Crawled caption data
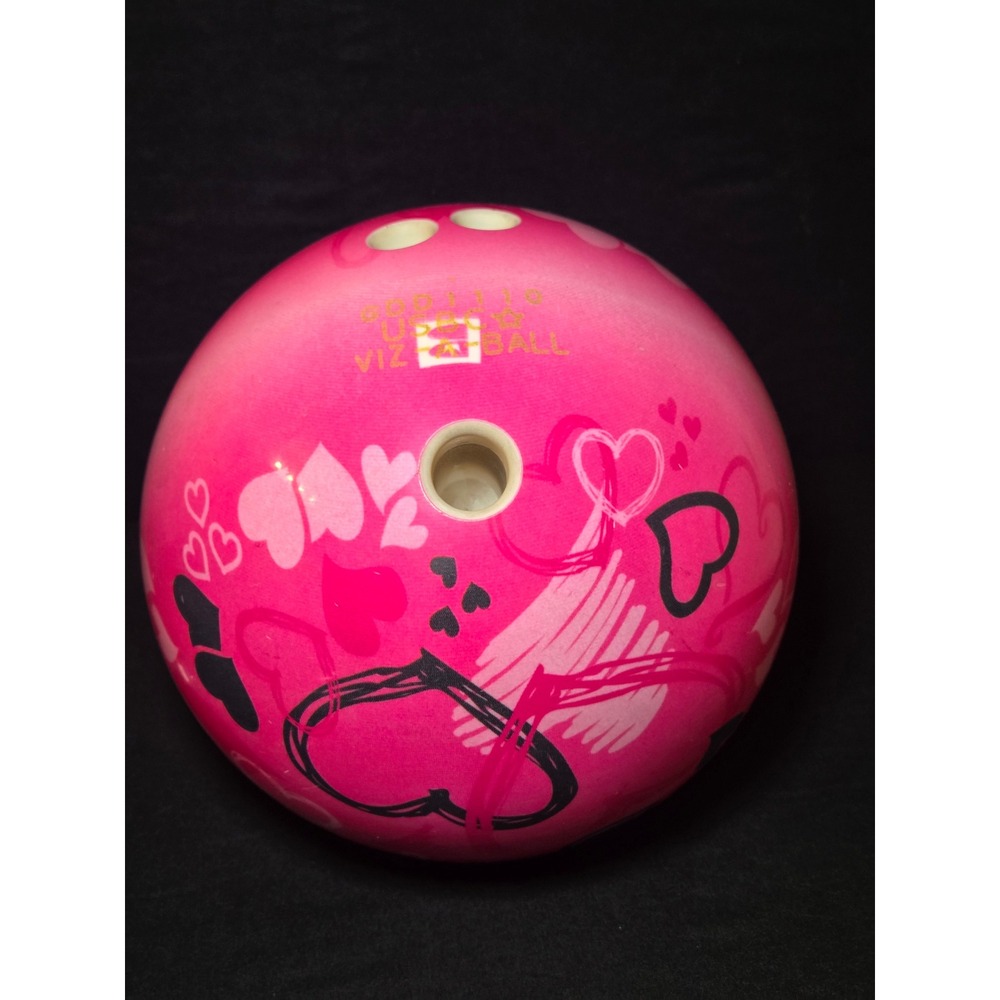 Brunswick Pink Heart‎ Viz-A-Ball 10LB Bowling Ball with Bag and Shoe Covers Set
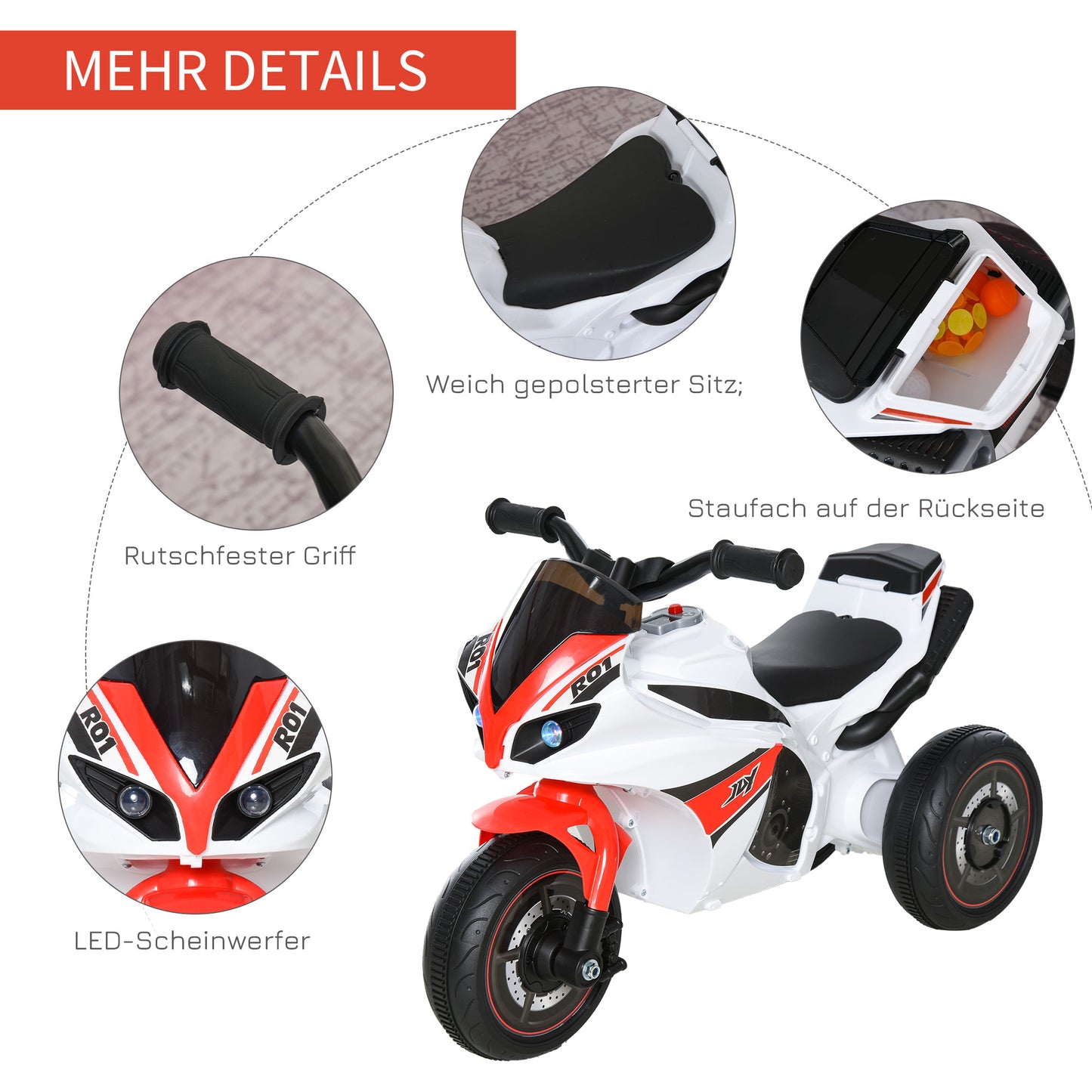 HOMCOM Laufrad, Rutscher, Kindermotorrad, 18-36 Monate, Musik/Licht, bis 20 kg, Weiß/Rot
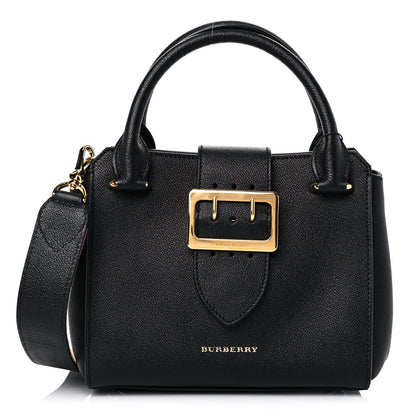 Burberry Soft Grain Calfskin Small Buckle Tote Black 1 of 8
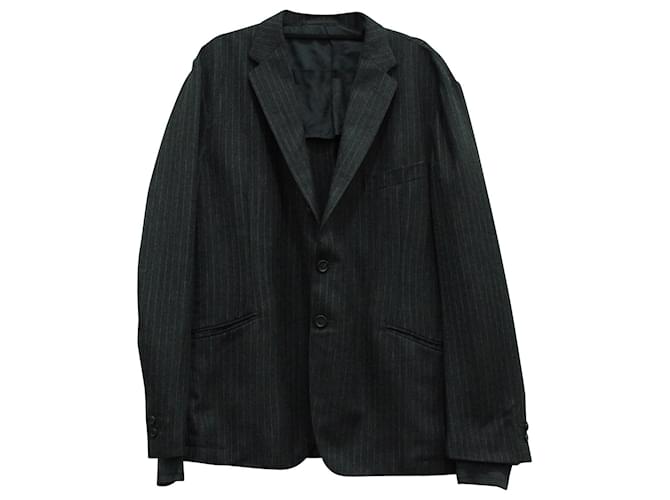 Chaqueta informal con puños en lana gris a rayas de Yves Saint Laurent  ref.570940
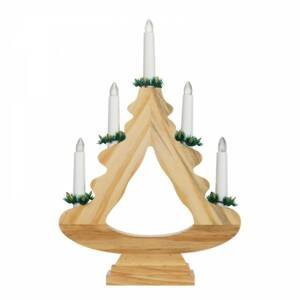 Kinekus Svietnik vianočný stromček LED 5 sviečok, drevo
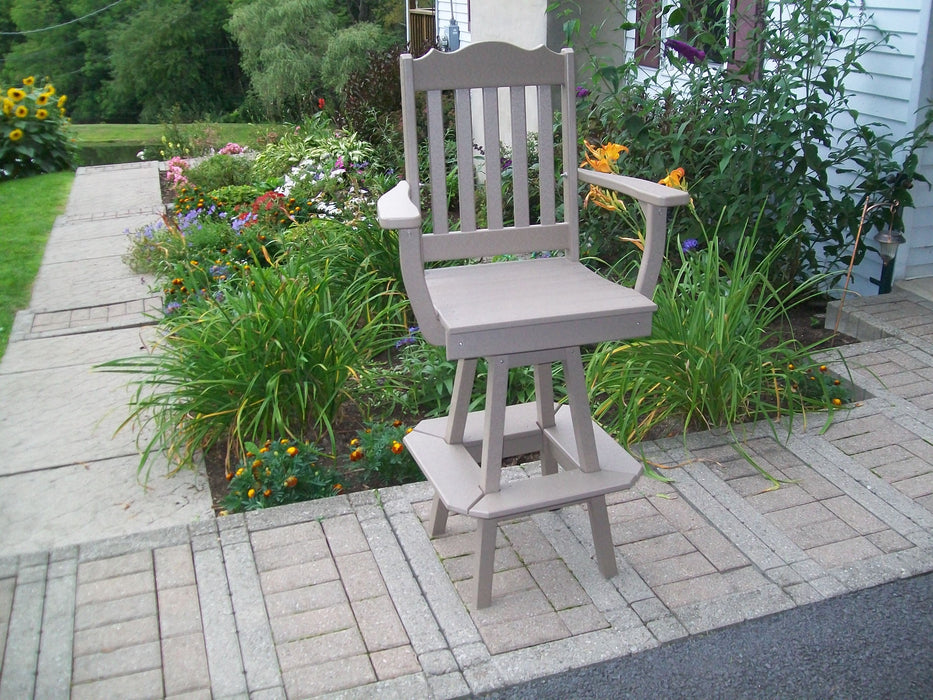 A&L Furniture Co. Amish-Made Poly Royal Swivel Counter-Height Chair with Arms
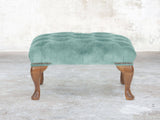 Queen Anne Footstool In Summer Mist Vintage Velvet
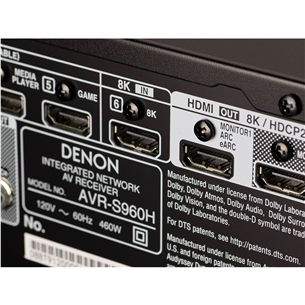 Namų kino stiprintuvas Denon AVR-S960H, 7.2-channels, 8K, HEOS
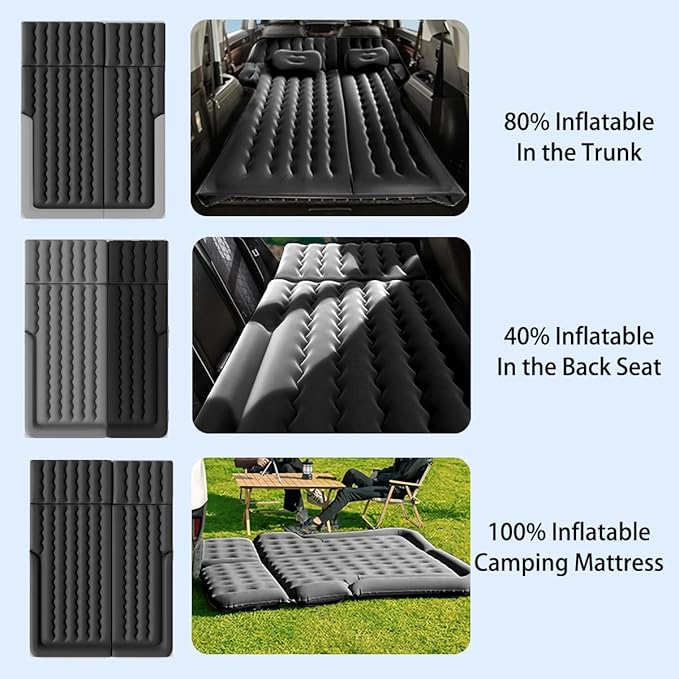 Car Air Mattress for Tesla Model X 7-Seats 2015-2023, Trunk Rear Seat Inflatable Thickened Flocking Travel Camping Bed, Air Pump 2 Pillows,Black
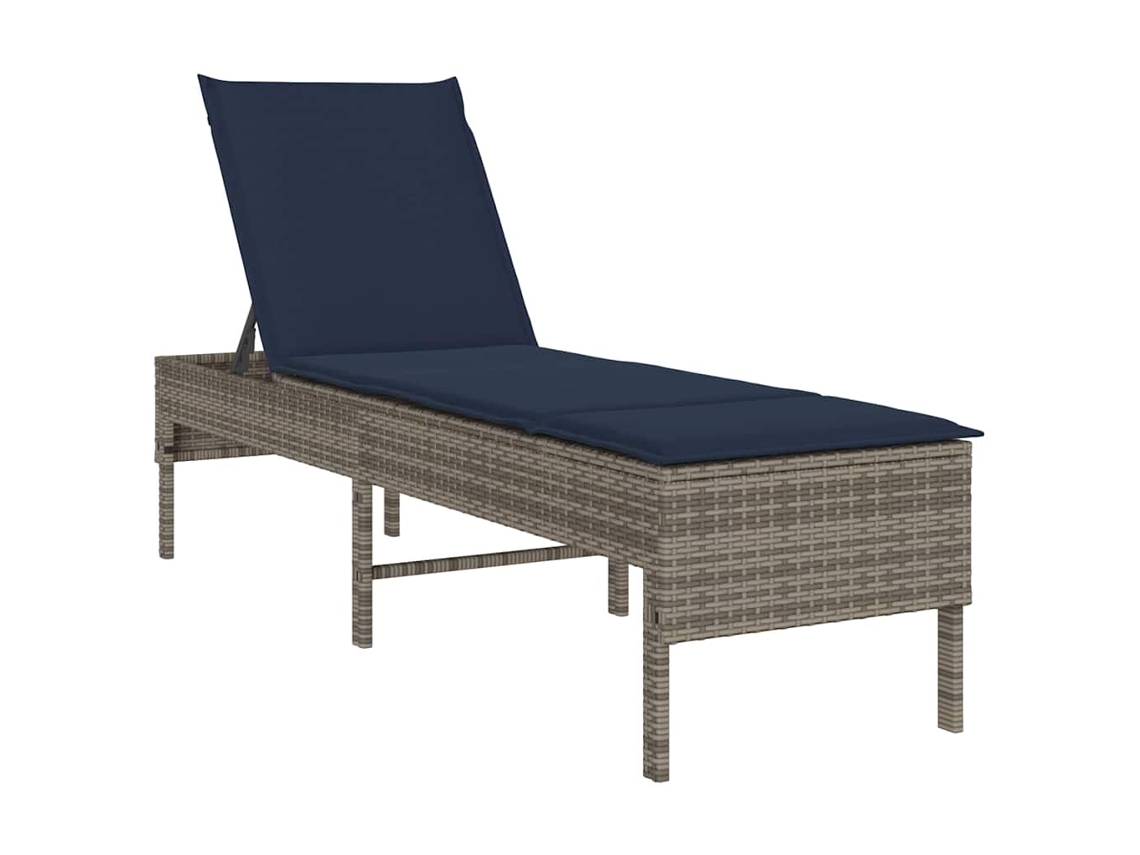 Espreguiçadeira com Almofadão 55x200x44 cm Vime Cinzento MAISON EXCLUSIVE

- [Activity]: Your answer must be a verbatim copy of the entries above, with no images included.

- [Solution to this exercise]:
 Brunswick Pink Heart‎ Viz-A-Ball 10LB Bowling Ball with Bag and Shoe Covers Set
 HOMCOM Laufrad, Rutscher, Kindermotorrad, 18-36 Monate, Musik/Licht, bis 20 kg, Weiß/Rot
 Burberry Soft Grain Calfskin Small Buckle Tote Black 1 of 8
 Chaqueta informal con puños en lana gris a rayas de Yves Saint Laurent  ref.570940
 Kinekus Svietnik vianočný stromček LED 5 sviečok, drevo
 A&L Furniture Co. Amish-Made Poly Royal Swivel Counter-Height Chair with Arms
 Queen Anne Footstool In Summer Mist Vintage Velvet
 Namų kino stiprintuvas Denon AVR-S960H, 7.2-channels, 8K, HEOS
 Car Air Mattress for Tesla Model X 7-Seats 2015-2023, Trunk Rear Seat Inflatable Thickened Flocking Travel Camping Bed, Air Pump 2 Pillows,Black
 Espreguiçadeira com Almofadão 55x200x44 cm Vime Cinzento MAISON EXCLUSIVE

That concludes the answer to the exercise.